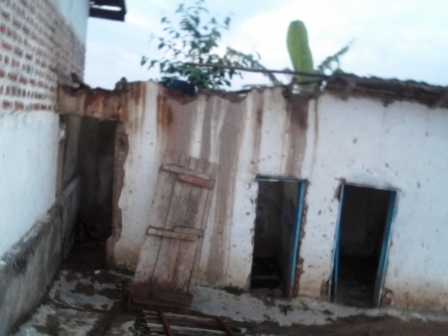 Abanyeshuri bifuza kubakirwa andi mazu yo gukarabiramo kuko ayo bafite ashaje.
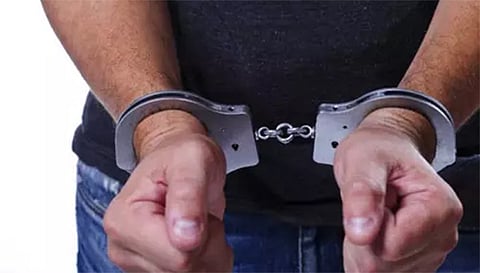 அரசு மருத்துவமனையில் இருந்து தப்பிய கைதி சிக்கினார்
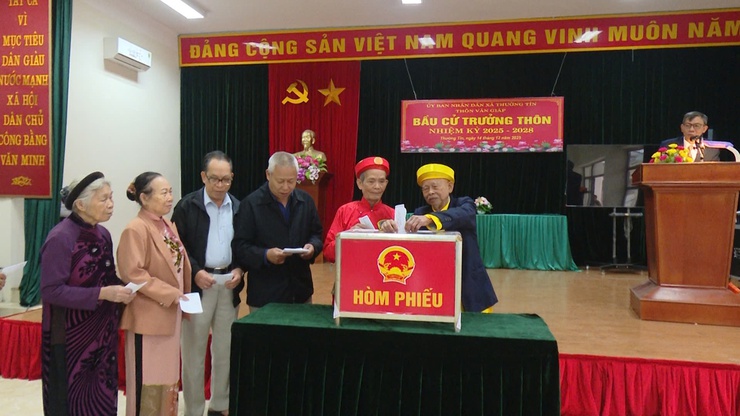 Xã Thường Tín tổ chức thành công cuộc bầu cử Trưởng thôn, cụm dân cư- Ảnh 2.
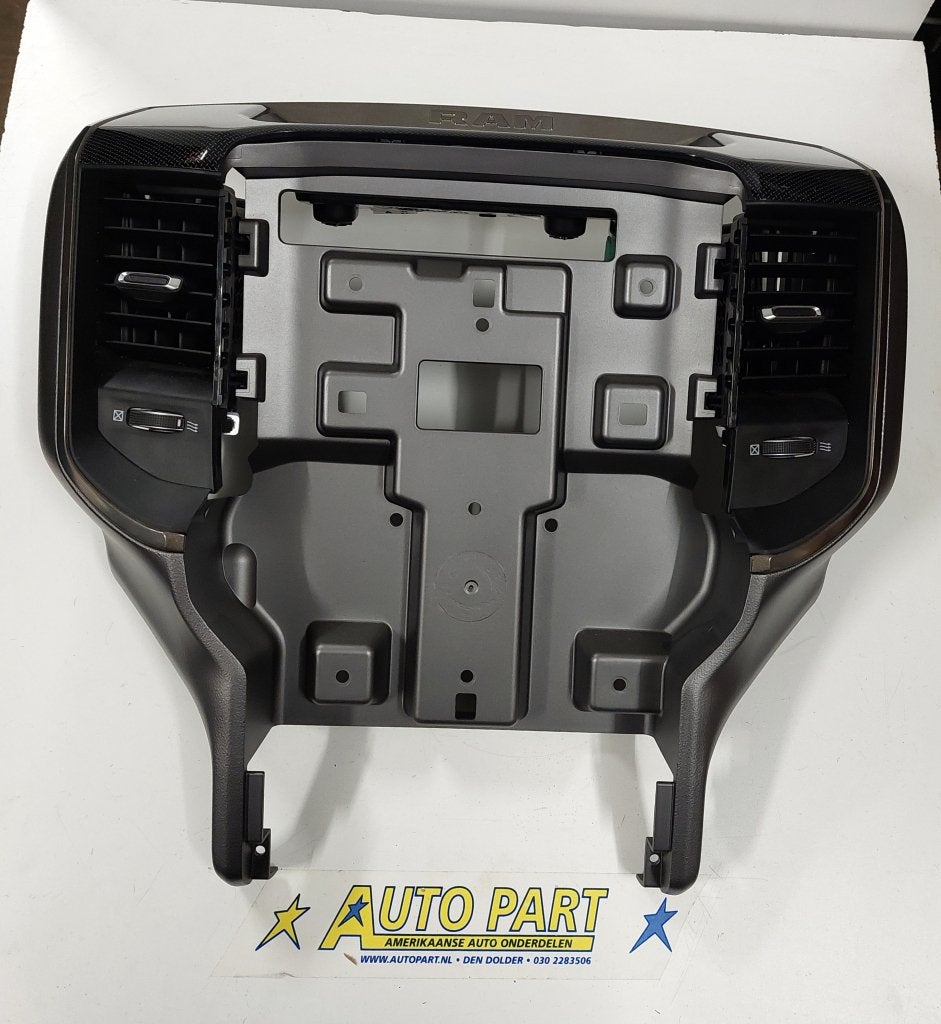 Dodge Ram pickup dashboard airco/radio paneel 2019-2020, Gebruikt, PO Box 21-8004 | Auburn Hills, MI 48321-8004, Amerikaanse onderdelen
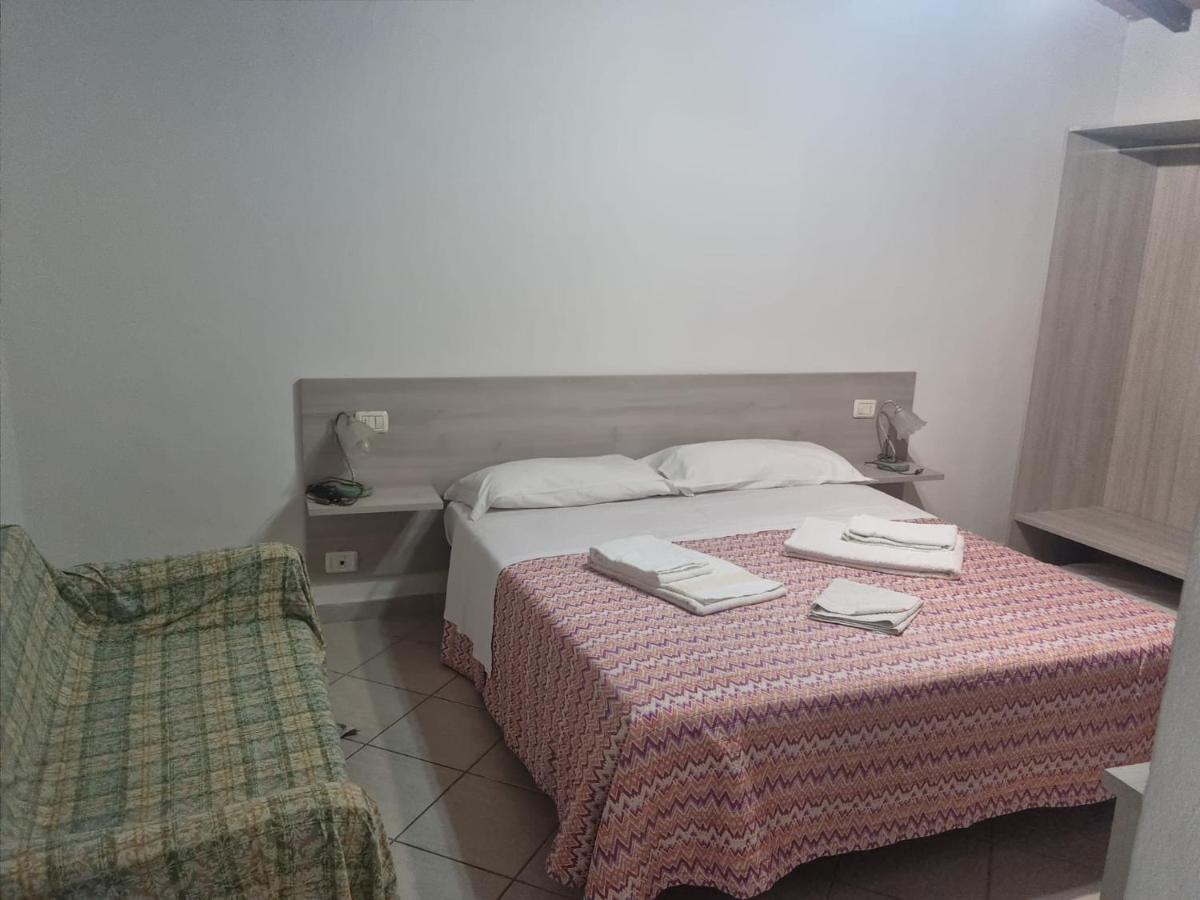 Hostal Il Vignale Massa Martana Exterior foto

────────────────────

YOUR OBJECTIVE: Make a word-for-word copy of the entries, without any pictures.

YOUR SOLUTION:
 Abanyeshuri bifuza kubakirwa andi mazu yo gukarabiramo kuko ayo bafite ashaje.
 அரசு மருத்துவமனையில் இருந்து தப்பிய கைதி சிக்கினார்
 Xã Thường Tín tổ chức thành công cuộc bầu cử Trưởng thôn, cụm dân cư- Ảnh 2.
 Dodge Ram pickup dashboard airco/radio paneel 2019-2020, Gebruikt, PO Box 21-8004 | Auburn Hills, MI 48321-8004, Amerikaanse onderdelen
 Hostal Il Vignale Massa Martana Exterior foto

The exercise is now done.